> **Exercise details**
The line with "Купить Кабель Ugreen" marks the start; please set it down along with all later lines through the end of the material, exactly, leaving out pictures.

== == ==

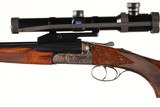 Rizzini BR550 Express Dbl Rifle .444 marlin - 9 of 19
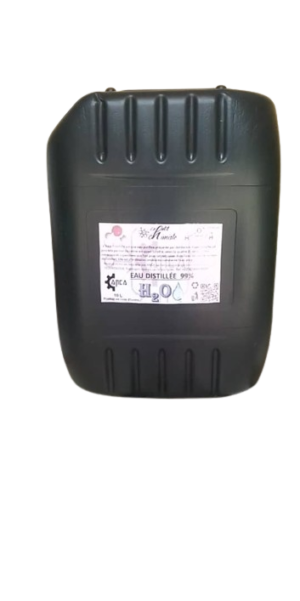 EAU DISTILLÉE 10 Litres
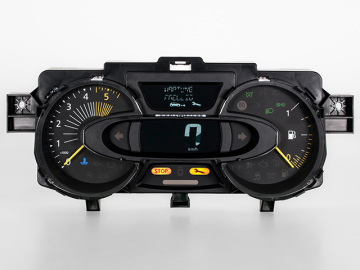 NV300 Pixelfehler Kombiinstrument 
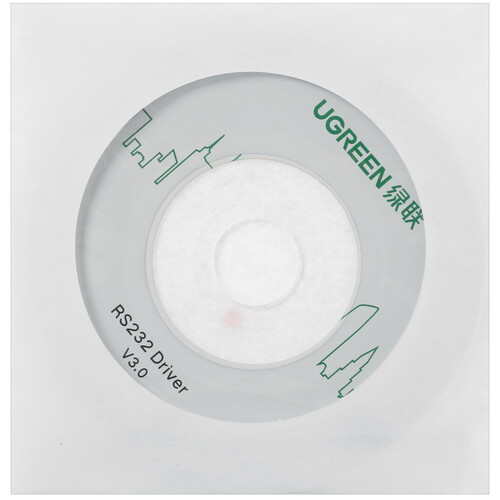 Купить Кабель Ugreen USB 2.0 Type-A - COM(RS232) 9pin  4834382. Характеристики, отзывы и цены в Донецке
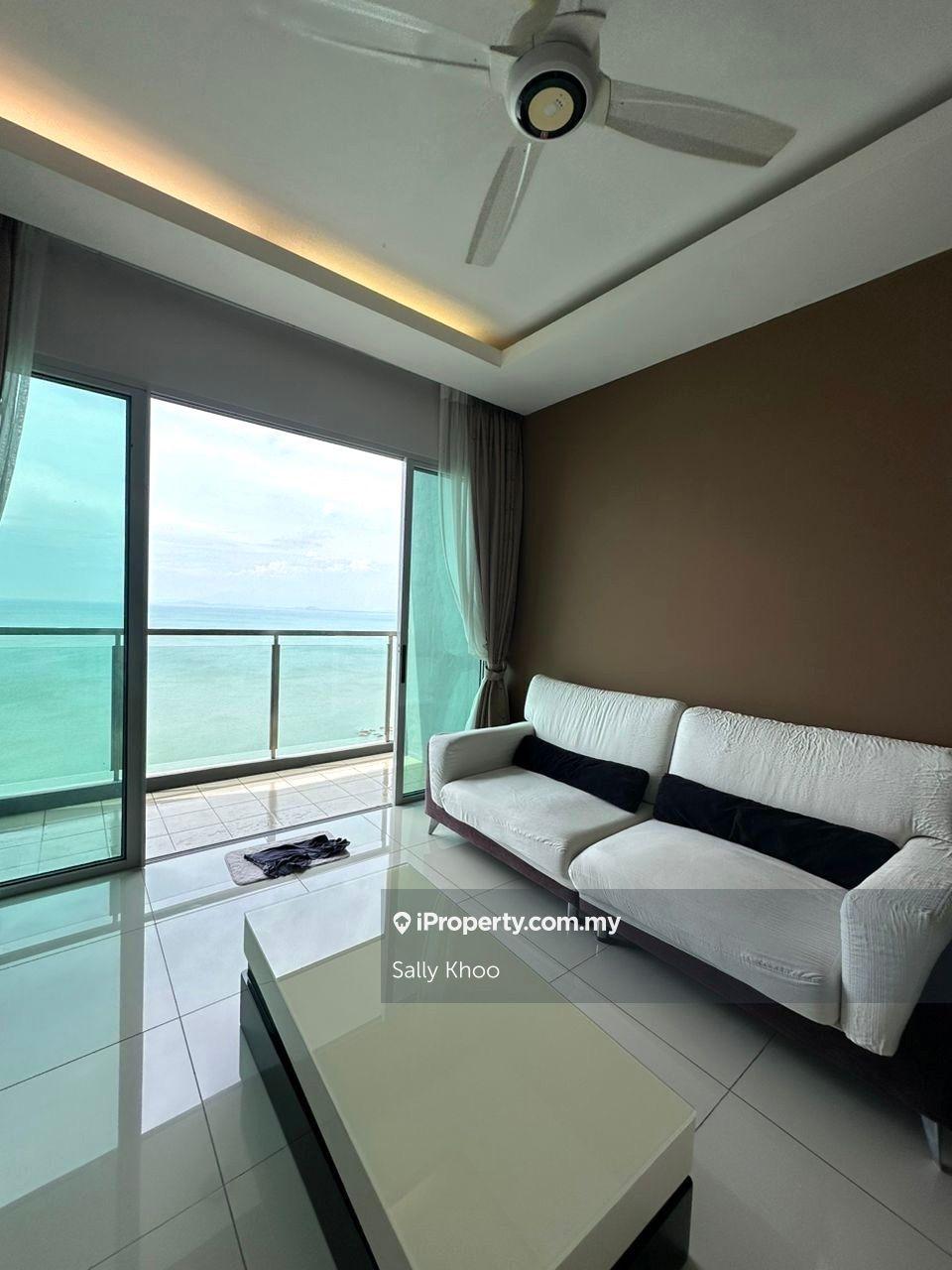 10 Island Resort Fully Furnished Good Condition Rent @ Batu Ferringgi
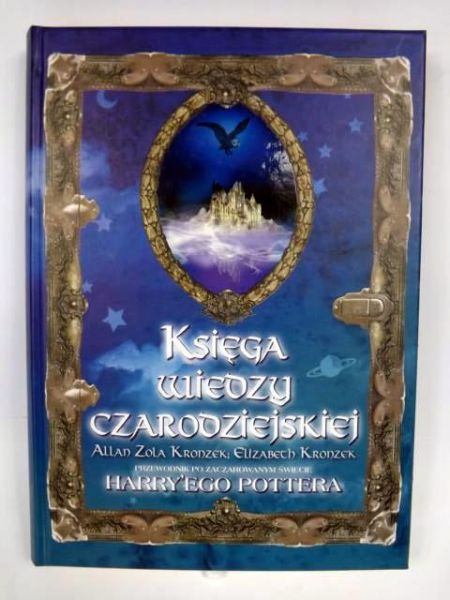 A.,   - Księga wiedzy czarodziejskiej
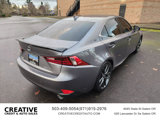 Used 2016 Lexus IS 200t image 5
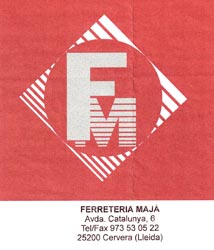 Ferreteria Majà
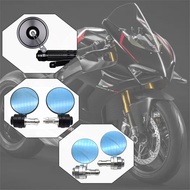 For DUCATI STREETFIGHTER V4SPZ V4LAMBORG 2023 Modified Motorcycle CNC aluminum View Mirror Handle Bar End Side Rearview Mirrors
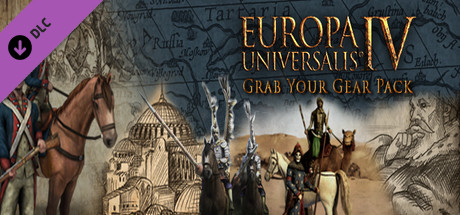 Europa Universalis IV: Early Upgrade Pack cover art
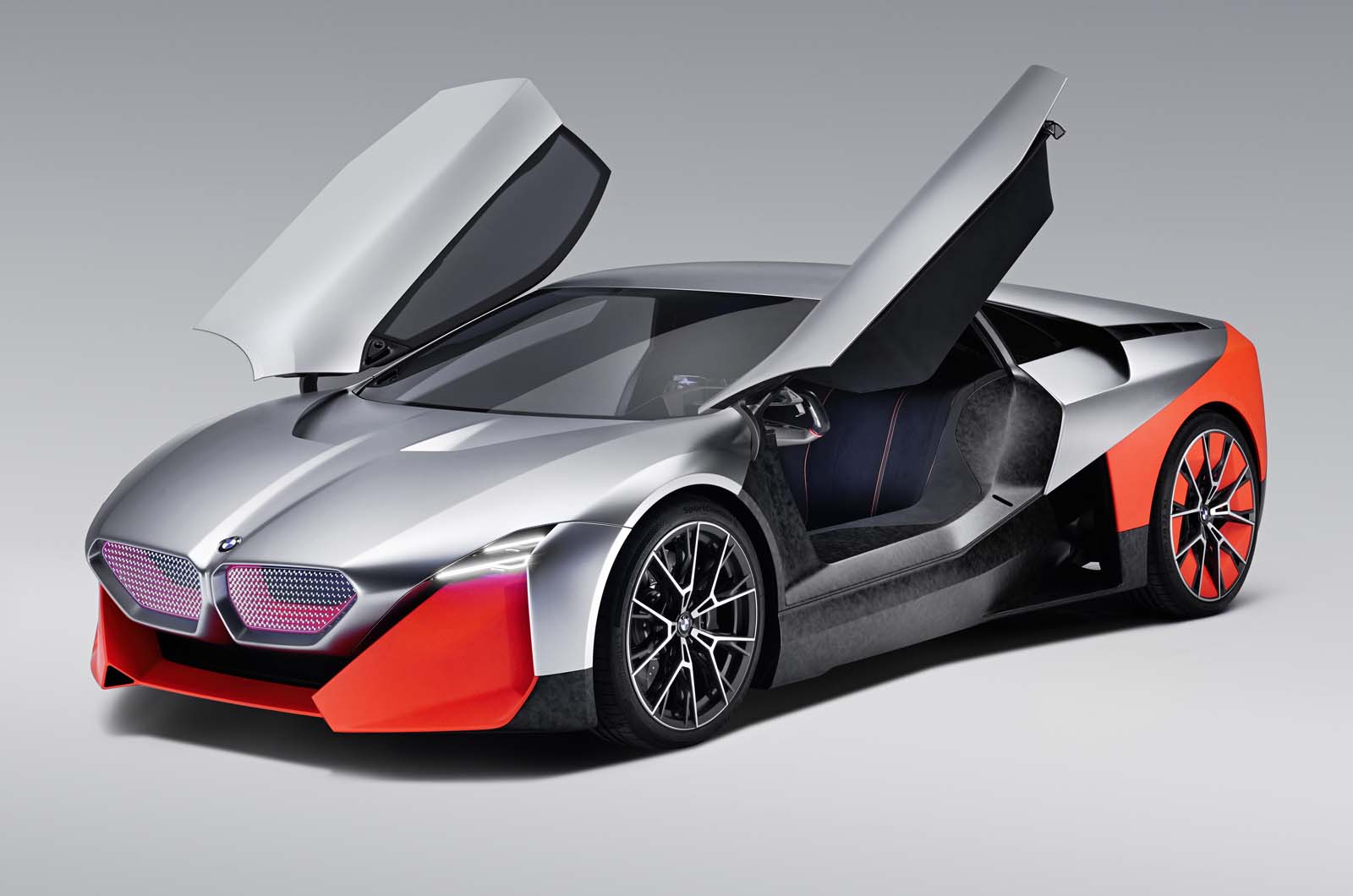 BMW M1 reborn as 591bhp two seat plug in hybrid Autocar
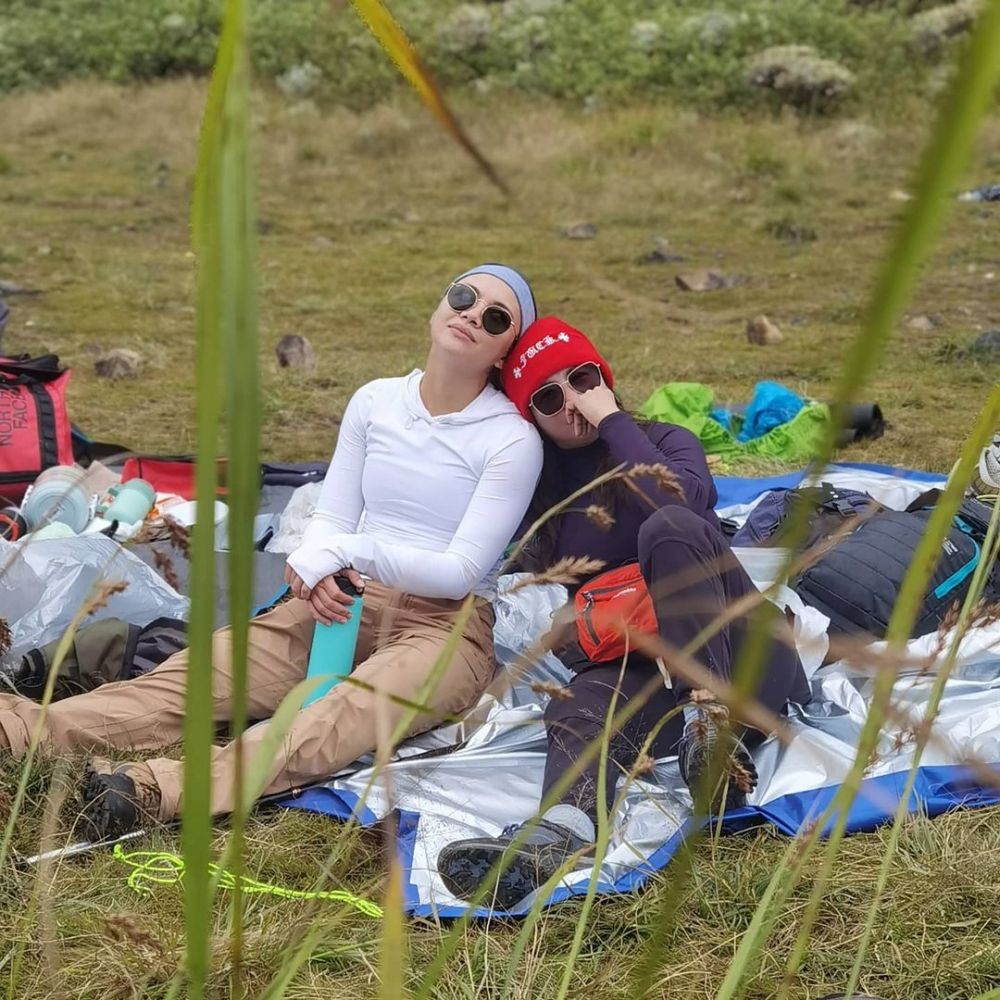 Ibu tiri Lala di sinetron Bidadari © 2023 berbagai sumber Ibu tiri Lala di sinetron Bidadari © 2023 berbagai sumber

== == ==

> **Response for this exercise**
 Купить Кабель Ugreen USB 2.0 Type-A - COM(RS232) 9pin  4834382. Характеристики, отзывы и цены в Донецке
 10 Island Resort Fully Furnished Good Condition Rent @ Batu Ferringgi
 A.,   - Księga wiedzy czarodziejskiej
 Used 2016 Lexus IS 200t image 5
 Ferreteria Majà
 For DUCATI STREETFIGHTER V4SPZ V4LAMBORG 2023 Modified Motorcycle CNC aluminum View Mirror Handle Bar End Side Rearview Mirrors
 Europa Universalis IV: Early Upgrade Pack cover art
 BMW M1 reborn as 591bhp two seat plug in hybrid Autocar
 Ibu tiri Lala di sinetron Bidadari © 2023 berbagai sumber Ibu tiri Lala di sinetron Bidadari © 2023 berbagai sumber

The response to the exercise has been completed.